Take the fact that Sandler is not about to do anything gay himself. This is, after all, the guy who went into a panic in Click (2006) when he thought that Christopher Walken’s character wanted to see him with his shirt off. And he’s the same guy who had to butch up the male bonding with “faggot” remarks in Reign Over Me (2007) so nobody would get the wrong idea about his relationship with Don Cheadle. His character here isn’t much different. An improbably big deal is made out of Sandler and costar Kevin James not kissing. (Funny how such a scene doesn’t seem to bother Ving Rhames and Sandler-pal Nick Swardson elsewhere in the film.) Similarly, James is carefully garbed in a ridiculous apple suit (looking like he wandered in from that abominable Fruit of the Loom commercial currently playing in theaters) so there isn’t any body contact when he and Sandler slow dance at a gay costume party. The only exception to all this is a fairly funny running gag where Sandler’s character is (much to his consternation) always assumed to be “the girl” in his bogus relationship with James. (In itself, this is a dubious point since it presupposes strict roles, but after all, this is a comedy made by straight guys about being gay.)

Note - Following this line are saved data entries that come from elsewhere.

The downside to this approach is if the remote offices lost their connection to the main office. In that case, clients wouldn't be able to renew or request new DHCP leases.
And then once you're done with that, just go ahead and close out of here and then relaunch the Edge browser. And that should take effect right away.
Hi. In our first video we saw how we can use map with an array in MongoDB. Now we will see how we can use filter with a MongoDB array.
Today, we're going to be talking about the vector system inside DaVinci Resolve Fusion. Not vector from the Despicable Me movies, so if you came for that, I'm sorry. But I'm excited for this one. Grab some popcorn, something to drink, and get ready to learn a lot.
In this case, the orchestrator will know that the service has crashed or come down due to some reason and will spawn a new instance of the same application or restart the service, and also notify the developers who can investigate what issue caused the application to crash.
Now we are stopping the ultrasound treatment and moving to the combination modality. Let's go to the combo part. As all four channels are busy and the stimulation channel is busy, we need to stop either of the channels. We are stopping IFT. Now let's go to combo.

Some of the film’s bigger moments are also suspect. For example, it’s unclear whether the (admittedly very satisfying) scene where Sandler decks a Fred Phelps-like anti-gay protestor outside the costume ball is actually an expression of his character’s outrage over the hate speech, or a simple knee-jerk reaction to being called “faggot.”

But maybe such distinctions don’t matter so much when you consider that in the film Sandler is challenging his presumed teen-boy fan base at nearly every turn. In this regard, Sandler has actually done something noteworthy.

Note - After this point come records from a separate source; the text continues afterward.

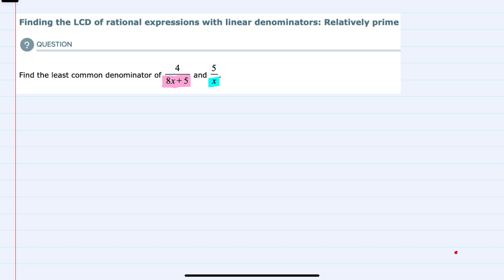To find the least common denominator, I would first try to simplify either one of these fractions, if I could, by canceling factors in the numerator and the denominator. But here there are no common factors that will cancel.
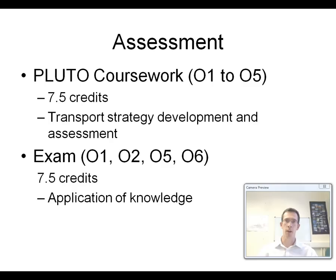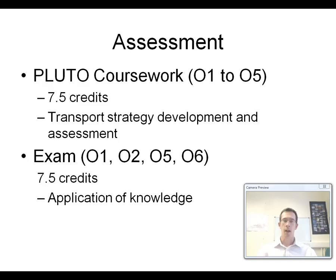We also have an exam, which is again seven and a half credits — the other half of the module. This is basically testing whether you're able to apply the knowledge you've learnt through the course. We tend to set practical problems for you to apply the principles we've taught you and tell us what the solutions might be. The exams aren't until January, so it's not worth worrying about those now. We'll be taking you through different ways of answering exam questions through the discussion groups throughout the course of the module.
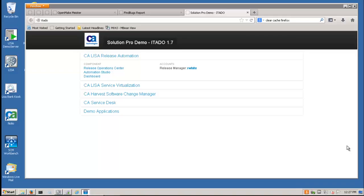This demo will show a model-driven enterprise DevOps process using CA Release Automation, CA Harvest, and OpenMake Meister.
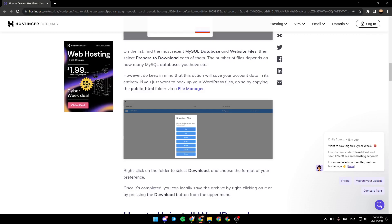However, do keep in mind that this action would save your account data in its entirety. If you just want to backup your WordPress file, do so by copying the public_html folder via file manager.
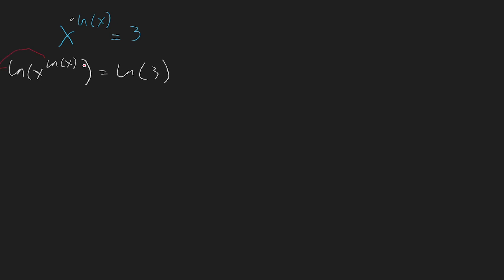we can take ln to the x down. So we get ln to the x multiplied by ln to the x, which is equal to, still, ln to 3.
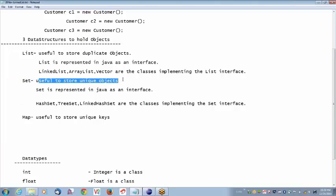What does it mean by unique objects? It will not allow duplicate objects. Even if you try to add duplicate objects, it will not allow — it will just ignore those objects. So we are going to see Set today. Once we cover Set, we have sufficient time to see polymorphism, which is an important concept. I will cover polymorphism today as well — it is very important.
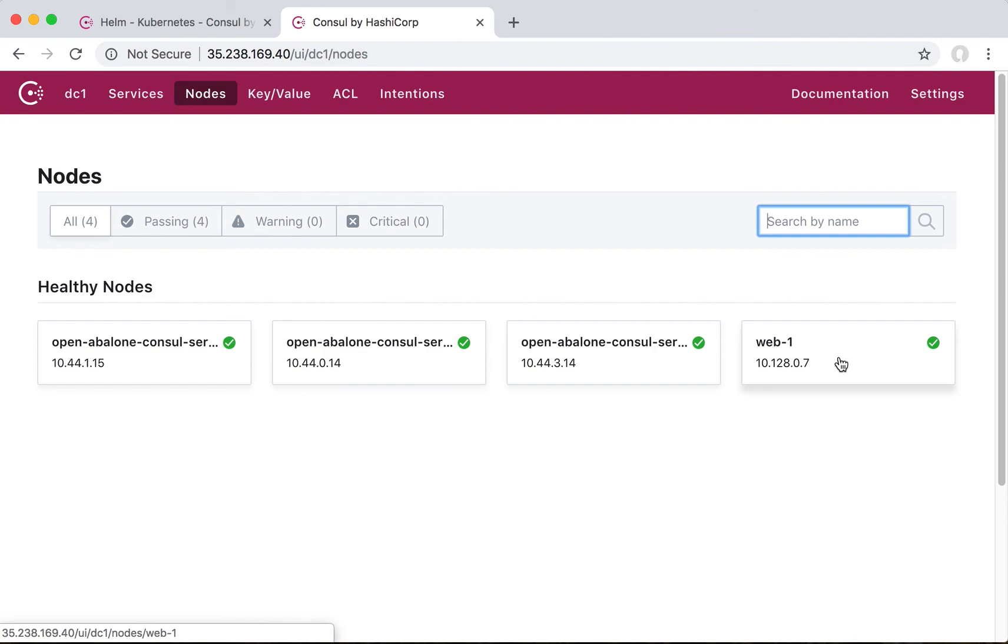This is how easy it is to use the AutoJoin feature in Console to join nodes that are running outside the Kubernetes cluster. Thank you.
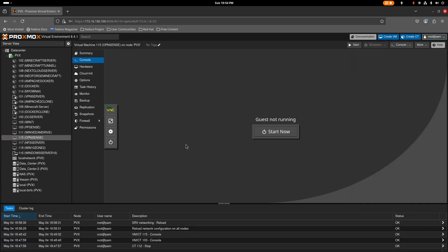Hello everybody, welcome back to my channel. Today we're going to cover how to set up OPNsense in your Proxmox server with networking already set up, and this is going to work for both Windows and Linux. We're going to start by making a new virtual network.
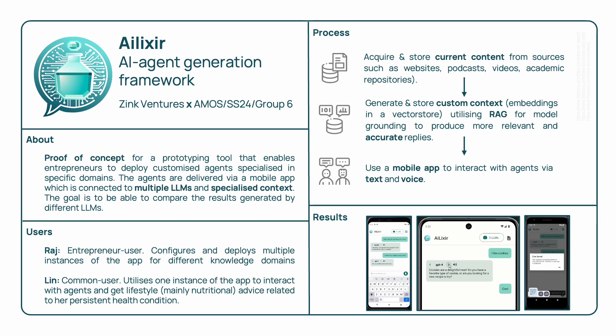In our test case, the domain is lifestyle advice for people with persistent health conditions. On the right, you can see a brief overview of the process and some screenshots, and I will pass it on to Lukas who will showcase the app for you.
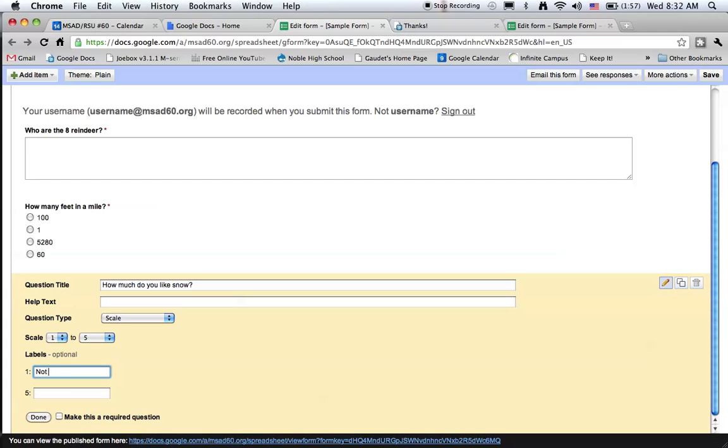One will be hate it, and five will be love it. I'll make it required.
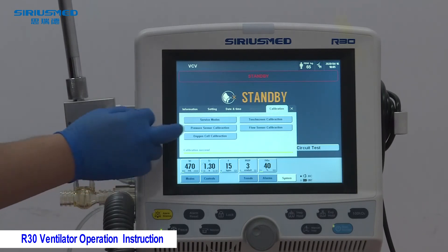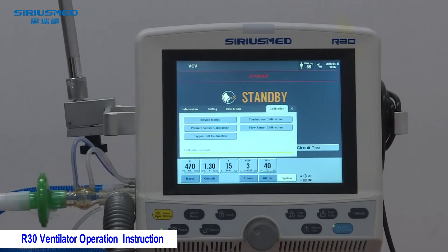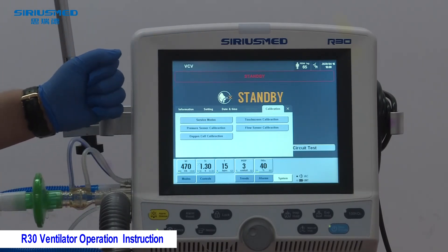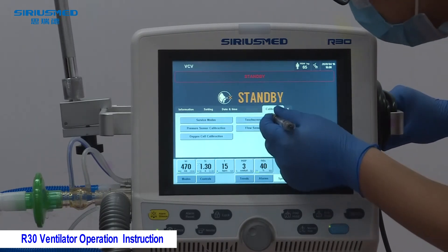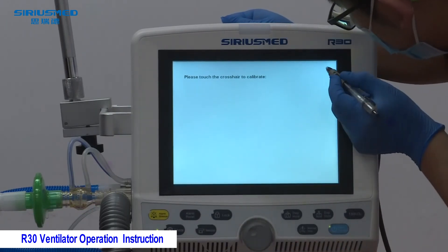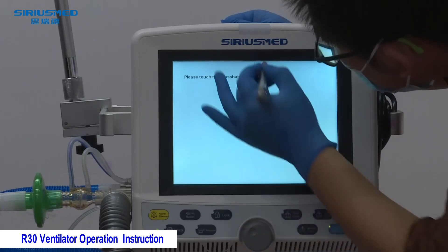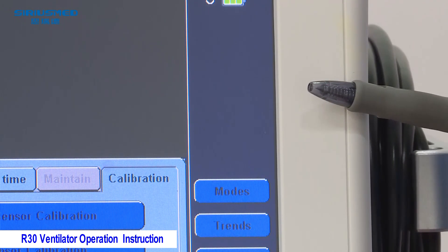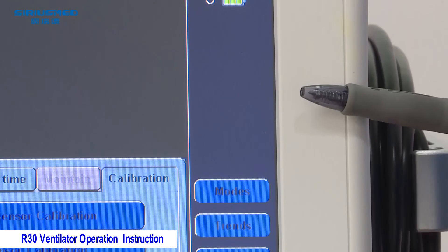To perform the oxygen sensor calibration, simply click the button and it will be done automatically. For the touch screen calibration, this is only needed when the touch screen is not working normally. Click 'Touch Screen Calibration' and follow the prompts to complete it. It is recommended to use a touch pen; if you don't have one, a regular pen without a sharp tip can also be used.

The film establishes his character (however improbably) as the über-babe magnet: a guy with his picture in a beefcake calendar of firefighters, who, at one point, has half a dozen hot girls in his bed (including a doctor, who was outraged one scene earlier when he called her “honey”). This is a character who is so desirable that sexy twin sisters are ready to indulge him in some girl-on-girl action just to keep him by their side (a crude, but interesting comment on how male homosexual panic doesn’t include lesbianism). In essence, Sandler’s Chuck Levine is every emotionally immature straight boy’s dream, living a life they can only fantasize about. He’s also the most repellent oafish boor Sandler’s ever portrayed, which is saying a good deal, and by the end of the film, Sandler has thrown that in the faces of his fan base many times over.

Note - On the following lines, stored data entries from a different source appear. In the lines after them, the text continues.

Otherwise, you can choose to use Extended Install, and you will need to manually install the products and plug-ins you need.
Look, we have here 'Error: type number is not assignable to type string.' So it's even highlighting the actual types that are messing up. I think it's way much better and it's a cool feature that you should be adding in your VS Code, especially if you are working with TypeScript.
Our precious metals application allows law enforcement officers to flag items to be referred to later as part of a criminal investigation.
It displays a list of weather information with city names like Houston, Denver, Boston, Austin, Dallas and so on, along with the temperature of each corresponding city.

For that matter, he’s perhaps thrown it in his own face. There’s certainly a sense of apology for things in his own oeuvre in the speech that he gives where he denounces the use of the word “faggot,” likening it to how he feels when someone calls him a “kike.” Similarly, the film nails a few issues—like the nervous straight who’s secretly bent out of shape because the gay guys aren’t hitting on him—that are rarely ever mentioned.

All this—whether intended consciously or not—is to the film’s credit, and perhaps there was more to it in whatever Alexander Payne and his cowriter Jim Taylor (About Schmidt, Sideways) contributed to the screenplay before it was run through the Sandlerizing machine. The main problem with the film is in fact the Sandlerizing machine itself. (The reason P.T. Anderson’s Punch-Drunk Love (2002) is the only really good movie Sandler’s made is that it escaped this treatment). The machine means the film has to be loaded with Sandler’s buddies: We have to have Rob Schneider as an Asian minister (it’s worse than Mickey Rooney’s Japanese shtick in Breakfast at Tiffany’s (1961)) and David Spade as the ultra-mincing gay, with Alan Covert and Nick Swardson as backup. Worse, the film insists on as much lowbrow broad comedy as possible. Within the first five minutes, for example, we’re not only treated to an extremely tasteless fat-suit gag, but it’s topped off by a flatulence joke. Well, after all, nothing spells comic gold like that combination, right?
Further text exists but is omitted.